Kim Criswell (chant)
WDR Funkhausorchester, Wayne Marshall (direction)


K. Criswell, W. Marshall


Kim Criswell : un nom familier pour tous ceux qui collectionnaient naguère les albums EMI dirigés par le regretté John McGlinn, précieuse série de classiques du répertoire de Broadway, tous interprétés avec un scrupule véritablement musicologique par une équipe de jeunes talents soigneusement choisis. Kim Criswell y faisait alors découvrir une voix toujours typée, qui mélangeait en fonction des besoins une possible émission de véritable soprano lyrique avec une franche gouaille à la limite (mais toujours cantonnée soigneusement et très minutieusement à cette limite) du populaire et du jazzy. Un cocktail particulier, judicieusement explosif.


Aujourd’hui la dame, originaire de Chattanooga/Tennessee, s’est installée à Londres, et du haut de sa jeune soixantaine, elle est devenue une sorte d’institution. Difficile de distribuer un musical haut de gamme sans elle, difficile aussi de se passer de sa précieuse collaboration dès qu’un orchestre symphonique tente pour un soir l’expérience du cross-over.

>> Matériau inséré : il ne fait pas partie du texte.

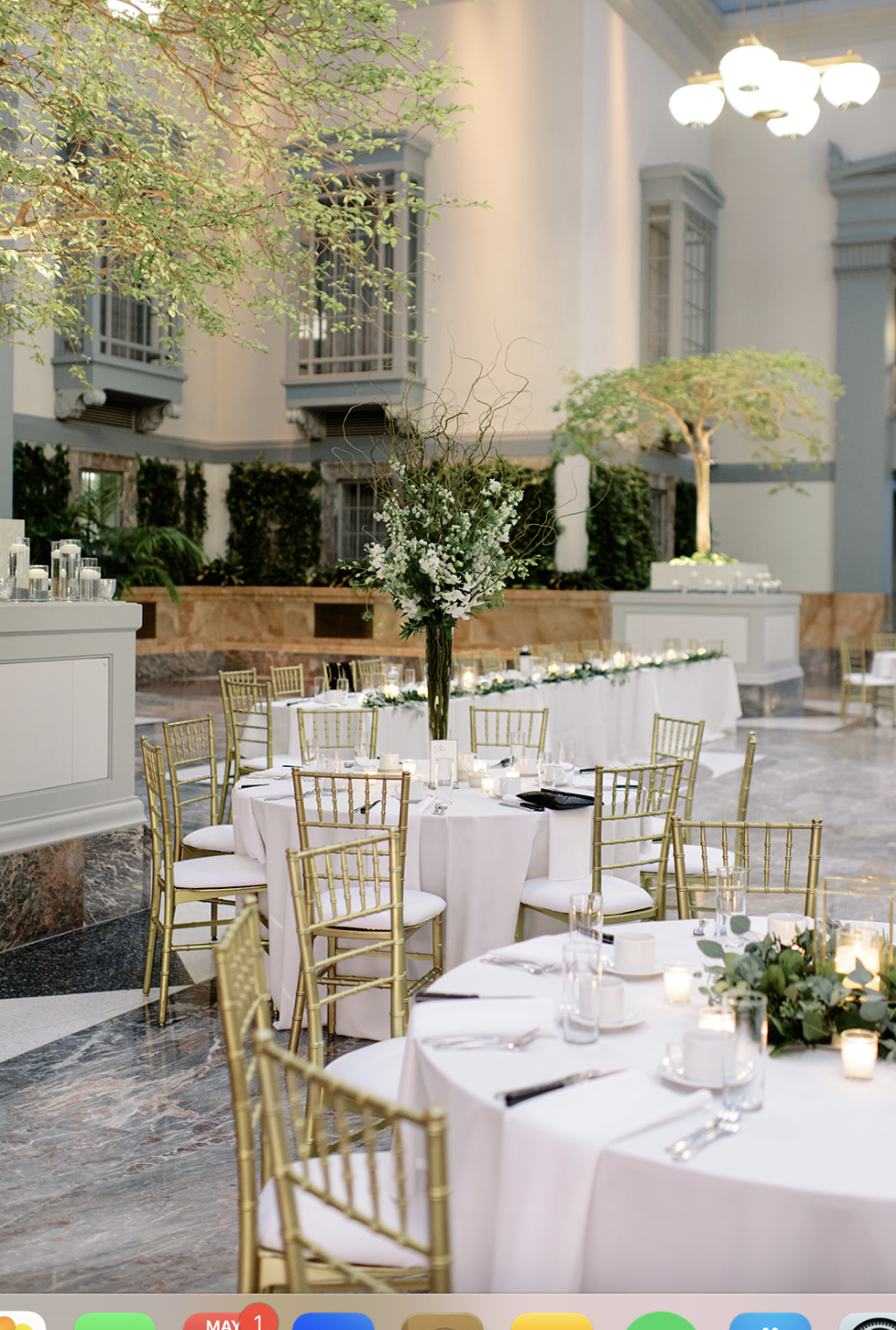 Gold chairs surround round tables with minimalist greenery centerpieces at lush Chicago wedding reception.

Juste avant cette petite tournée avec Wayne Marshall, Criswell vient de chanter un programme Bernstein similaire avec... le Concertgebouw d’Amsterdam ! L’onctueuse phalange hollandaise a dû bien s’amuser à se laisser entraîner au swing et à l’éclate en compagnie d’un coach aussi énergiquement drôle !

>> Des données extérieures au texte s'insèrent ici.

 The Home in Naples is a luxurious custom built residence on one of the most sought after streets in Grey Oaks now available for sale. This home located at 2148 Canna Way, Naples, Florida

Car, et cela ne gâche rien, Criswell possède de vrais talents comiques et il suffit de lui mettre un micro en mains pour qu’elle vous réchauffe une salle en un clin d’œil. En anglais bien sûr, mais avec une sympathique efficacité (à l’adresse du public de Baden-Baden: «Je pense que vous préférez ne pas entendre mon allemand !»). Chaque extrait chanté est précédé d’un préambule où la diva – car c’en est bien une à sa manière, y compris par le physique et les allures – présente l’œuvre et décrit le contexte de l’action avec un humour ravageur. Le numéro paraît réglé au millimètre près, à l’américaine, et pourtant fonctionne avec une étonnante fraîcheur. Au cours de ce concert entièrement consacré, centenaire oblige, à Leonard Bernstein, on redécouvre ainsi le désopilant «I Can Cook Too» extrait d’On the Town, où il est question des talents culinaires particuliers d’une jeune et énergique créature, dont on comprend vite qu’elle vous parle certainement de choses beaucoup plus épicées que simplement faire la cuisine. Ou encore, absolu sommet de la soirée, «What a Movie», extrait du petit opéra Trouble in Tahiti : un petit bijou d’humour distancié qui reste assez difficile à faire passer à la scène alors qu’ici, certes avec les secours d’un micro, chaque réplique éclate avec la précision et la jubilation d’une fusée de feu d’artifice. N’oublions pas le jubilatoire «I’m Easily Assimilated» extrait de Candide, ou encore le touchant «Some Other Time» de Wonderful Town accordé en bis, merveilleux moment suspendu, teinté d’une suave mélancolie. Petit conseil, il faut absolument rechercher cette chanson sur la toile, par Eileen Farrell en duo avec Bernstein au piano : l’image est précaire mais c’est un joyau !


Les obligatoires intermèdes sans voix sont assurés par le WDR Funkhausorchester, l’une des seules formations radiophoniques allemandes encore en activité consacrées à ce qu’on appelait jadis la « musique légère ». Aujourd’hui une activité subtilement dispersée entre classiques d’un abord facile (Suppé, Offenbach, la dynastie Strauss, mais aussi, pourquoi pas, Schreker !), musiques de film, jazz orchestral, voire adaptations rock... Il est intéressant de jeter un petit coup d’œil au programme de saison de cette phalange très active : moyennant sans doute le travail de toute une équipe d’arrangeurs maison la diversité des projets y paraît tout à fait stimulante, et les talents du chef américain Wayne Marshall, actuellement directeur musical de la formation, doivent y être pertinemment employés. A l’écoute, les facultés d’adaptation des musiciens paraissent effectivement très affûtées, sous une baguette dont on connaît l’énergie et le sens très naturel du swing. Seule réserve : les Danses symphoniques de West Side Story ont quand même été réécrites par Bernstein pour une phalange... symphonique, justement, et ici l’effectif paraît parfois trop mince voire d’une charpente sonore incertaine. Mais grâce à l’élan formidable pris par la soirée, cette dernière partie bénéfice d’encore assez de souffle pour que la frustration reste limitée.